Lest the denizens on New Zealand be too smug with the USA and Trump’s move to censor language in the CDC, this is a little reminder that the state here is, and has been, performing acts of censorship for a very long time.

1 COMMENT

  1. It seems to me the problem here is a failure by Stats NZ to distinguish between “gender” and “sex”. If they were asking about your sex, that question would have been fair enough, although maybe lacking boxes for “in transition to male” and “in transition to female”, and one for the tiny minority who are naturally born with intersex genitalia. Sex is a biophysical characteristic, biology produces only so many answers to the question “what sex are you”.

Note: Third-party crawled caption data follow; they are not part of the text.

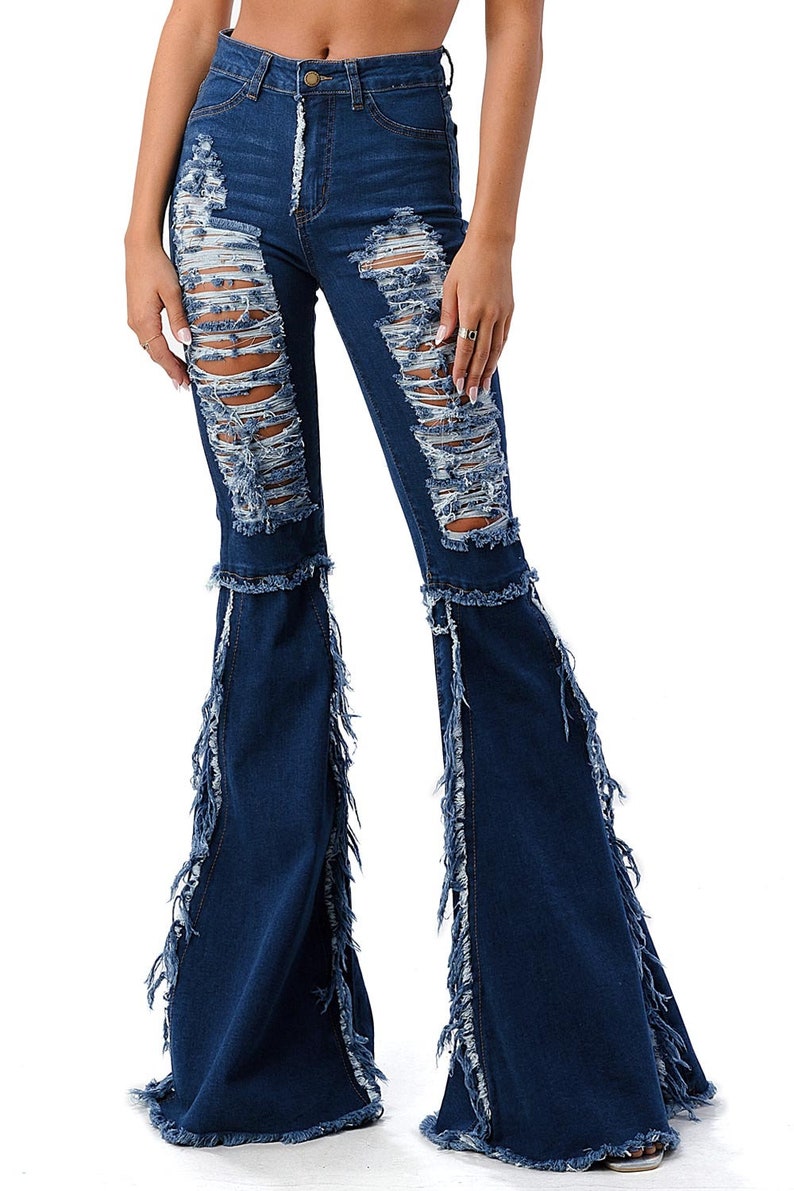 High-rise Bell Bottom Jeans With Heavy Distressing Unique - Etsy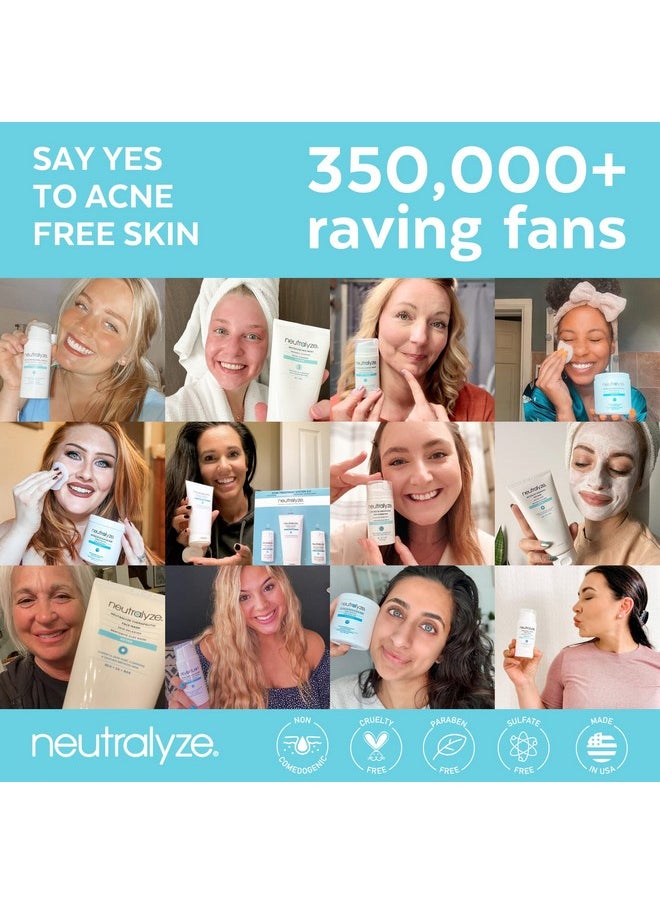Neutralyze Exfoliating Acne Wipes - Maximum Strength Acne Pads for Face & Back - Medical Grade 2% Mandelic Acid & Salicylic Acid Pads - Acne Cleansing Pads - Toner Pads for Acne Prone Skin (100 Acne Face Wipes)  - Image 3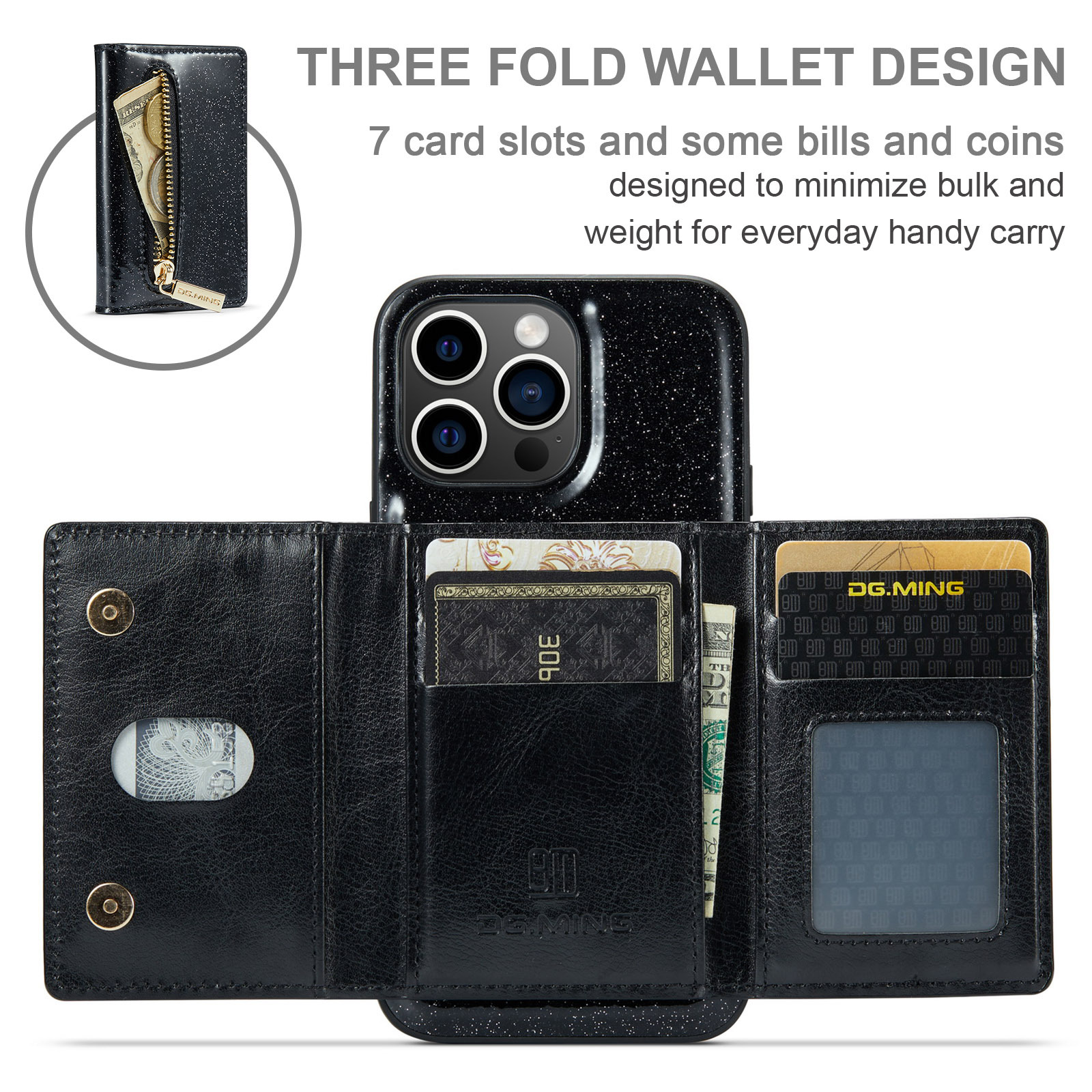 For IPhone15 Pro Max Flash Wallet Protector PU Mobile Cover IP14 Pro 2 in 1 Magnetic Cell Phone case
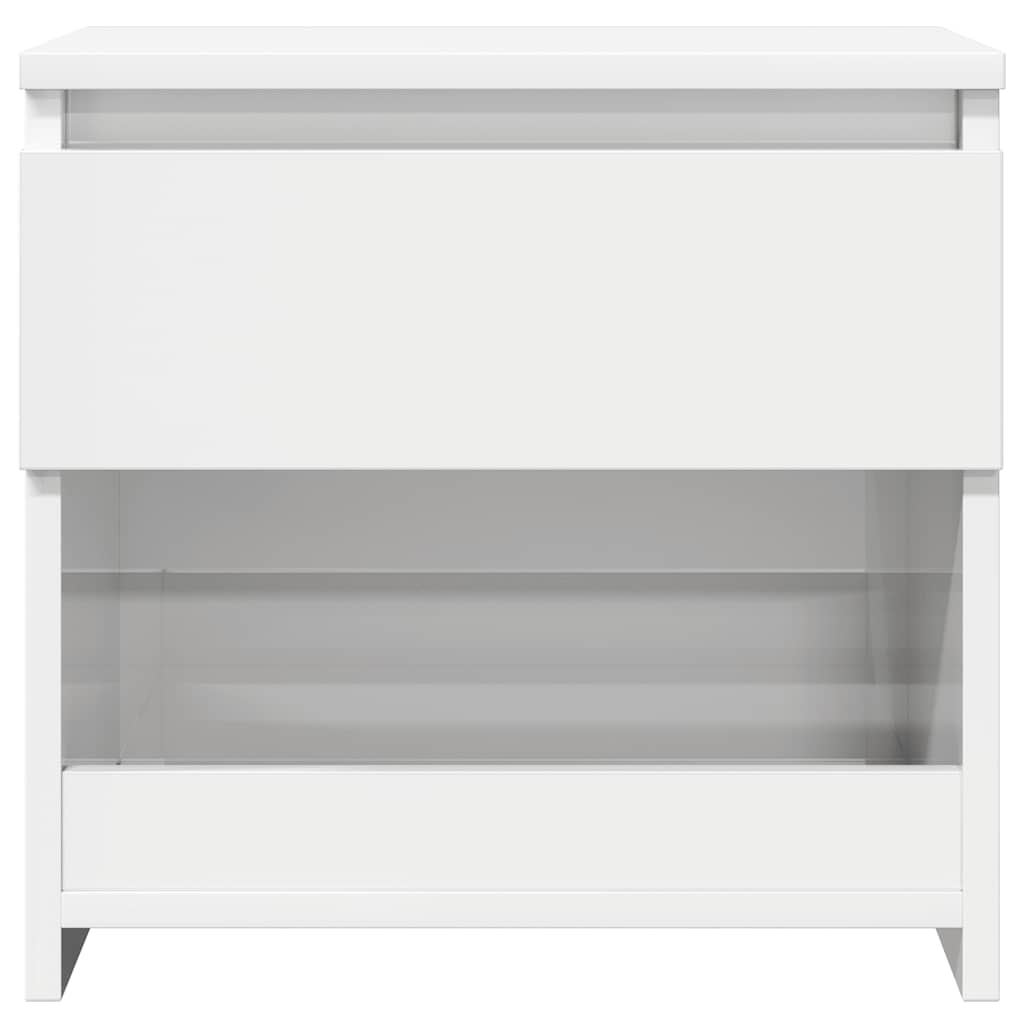 Bedside table high gloss white 40x30x39 cm wood material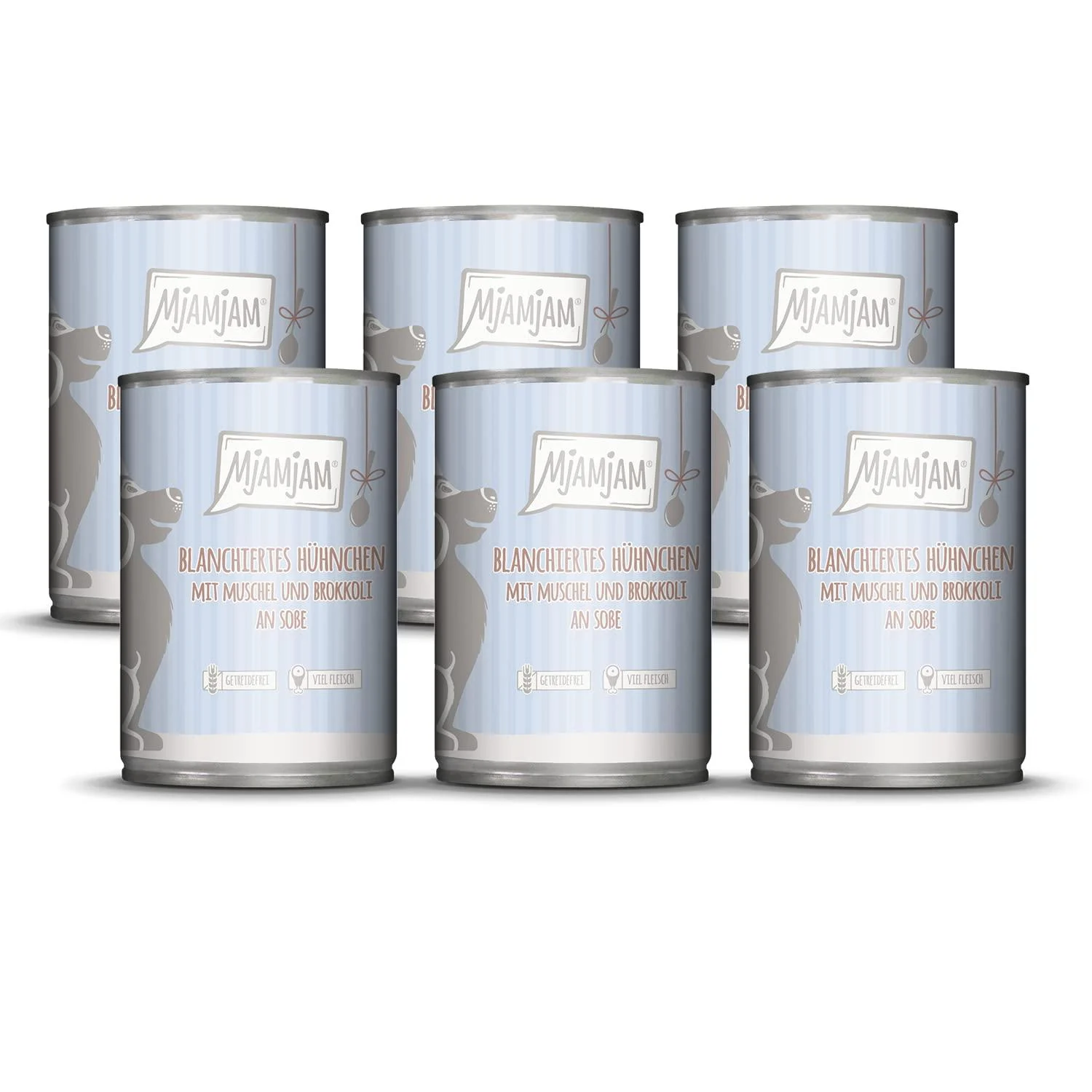 MjAMjAM - premium wet dog food - blanched chicken with mussels and broccoli in sauce 6 pack (6 x 380 g) plain with meat supplement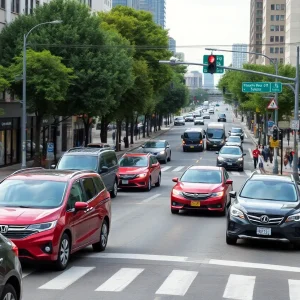 Traffic at an intersection where Take 5 Oil Change facility is proposed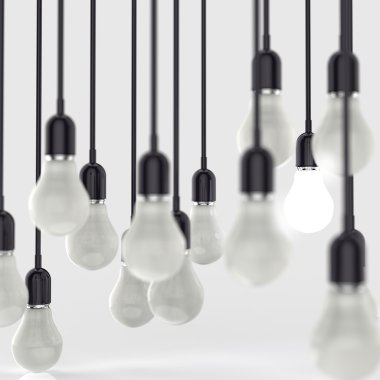 yaratıcı fikir ve liderlik kavramı ışık ampul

    Now gender, of course, is a question of identity, just like ethnicity (“race” is an invented category and there is no bio-physical test that can tell you what ethnicity someone is). There can be as many categories as there are people. I’m not sure what statistics on people’s gender identity (at any given time) would be used for, but then I’m not sure exactly what statistics on ethnicity are used for either. Whatever it’s used for, if Stats NZ are going to collect data on “gender”, as opposed to “sex”, their forms need a lot more boxes.